Remeber to activate your virtual environment before you continue!

After activating the virtual environment, we can use the following command to install dependencies of icefall:

Hint

Remeber that we will run this tutorial on CPU, so we install dependencies required only by running on CPU.

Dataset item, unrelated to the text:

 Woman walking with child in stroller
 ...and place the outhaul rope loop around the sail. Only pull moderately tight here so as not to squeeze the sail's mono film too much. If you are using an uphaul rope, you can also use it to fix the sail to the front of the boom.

# Caution: Installation order matters!

# We use torch 2.0.0 and torchaduio 2.0.0 in this tutorial.
# Other versions should also work.

pip install torch==2.0.0+cpu torchaudio==2.0.0+cpu -f https://download.pytorch.org/whl/torch_stable.html

# If you are using macOS, please use the following command to install torch and torchaudio
# pip install torch==2.0.0 torchaudio==2.0.0 -f https://download.pytorch.org/whl/torch_stable.html

# Now install k2
# Please refer to https://k2-fsa.github.io/k2/installation/from_wheels.html#linux-cpu-example

pip install k2==1.24.4.dev20231220+cpu.torch2.0.0 -f https://k2-fsa.github.io/k2/cpu.html

# For users from China
# 中国国内用户,如果访问不了 huggingface, 请使用
# pip install k2==1.24.4.dev20231220+cpu.torch2.0.0 -f https://k2-fsa.github.io/k2/cpu-cn.html

# Install the latest version of lhotse

pip install git+https://github.com/lhotse-speech/lhotse

Install icefall

We will put the source code of icefall into the directory /tmp You can select any directory you want.

cd /tmp
git clone https://github.com/k2-fsa/icefall
cd icefall
pip install -r ./requirements.txt
# Anytime we want to use icefall, we have to set the following
# environment variable

export PYTHONPATH=/tmp/icefall:$PYTHONPATH

Hint

If you get the following error during this tutorial:

ModuleNotFoundError: No module named 'icefall'

please set the above environment variable to fix it.

Congratulations! You have installed icefall successfully.

For the more curious

icefall contains a collection of Python scripts and you don’t need to use python3 setup.py install or pip install icefall to install it. All you need to do is to download the code and set the environment variable PYTHONPATH.